» Your assignment:
Could you set down exactly the lines in the records below between the line holding "Vintage Cute Little" and the line holding "Miniatura 11 de", inclusive?

Available data: Begin

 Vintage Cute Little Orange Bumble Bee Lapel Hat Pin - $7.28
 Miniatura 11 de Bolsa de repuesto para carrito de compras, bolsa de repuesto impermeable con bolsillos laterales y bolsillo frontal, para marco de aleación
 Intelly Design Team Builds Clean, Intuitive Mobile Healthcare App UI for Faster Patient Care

Available data: End
Available data: Begin

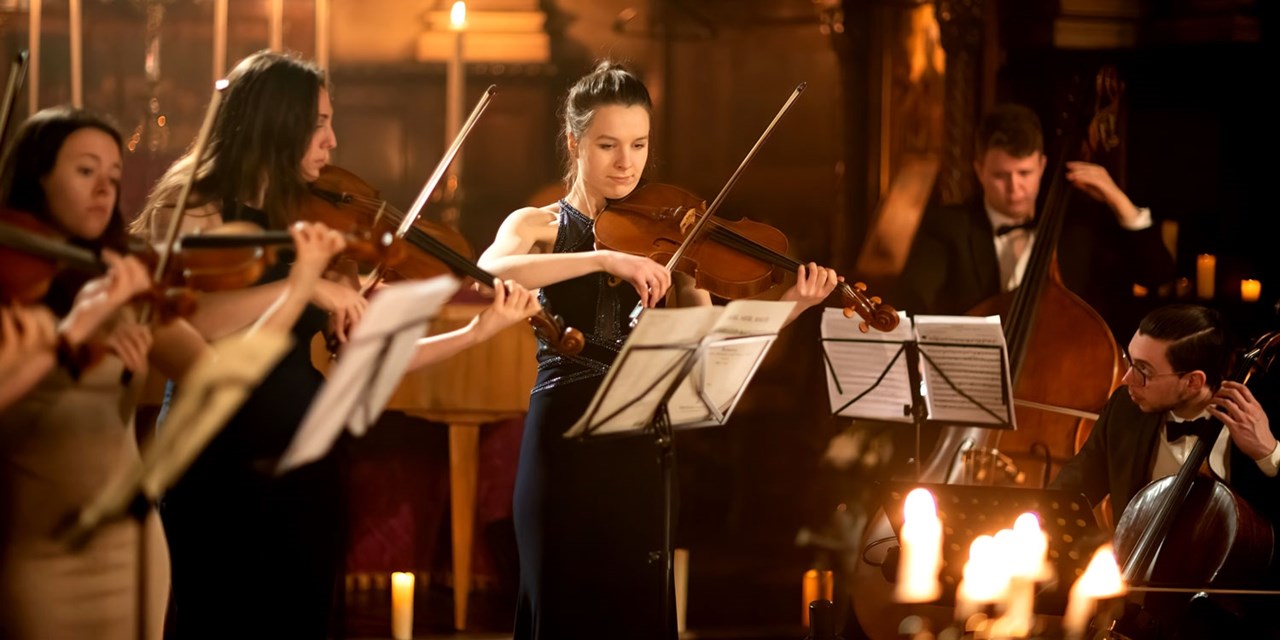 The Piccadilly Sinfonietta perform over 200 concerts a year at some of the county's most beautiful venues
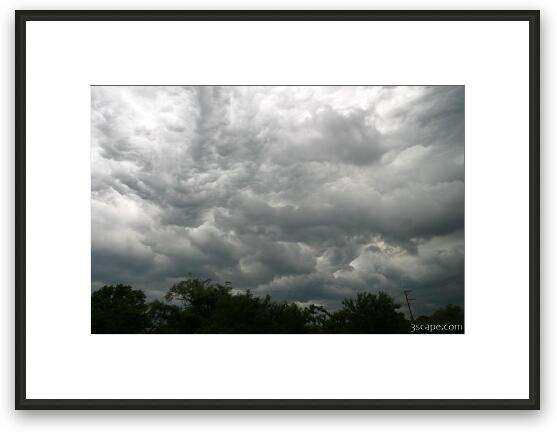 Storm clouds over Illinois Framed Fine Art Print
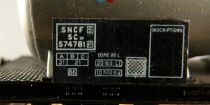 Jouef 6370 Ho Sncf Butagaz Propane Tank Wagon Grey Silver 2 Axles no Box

Available data: End
Available data: Begin

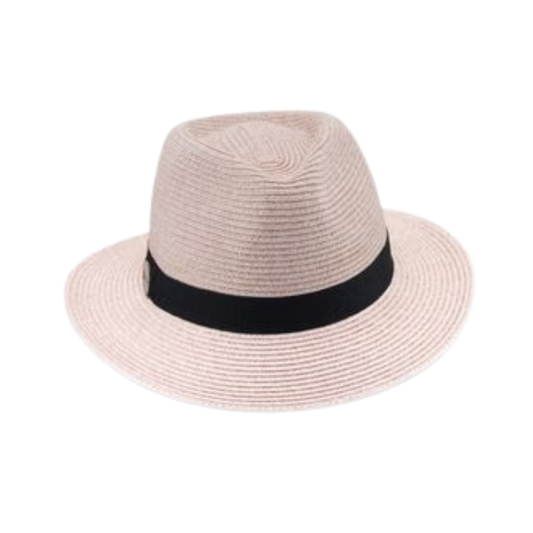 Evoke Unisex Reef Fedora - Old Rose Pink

Available data: End

» Output below:
 Vintage Cute Little Orange Bumble Bee Lapel Hat Pin - $7.28
 Miniatura 11 de Bolsa de repuesto para carrito de compras, bolsa de repuesto impermeable con bolsillos laterales y bolsillo frontal, para marco de aleación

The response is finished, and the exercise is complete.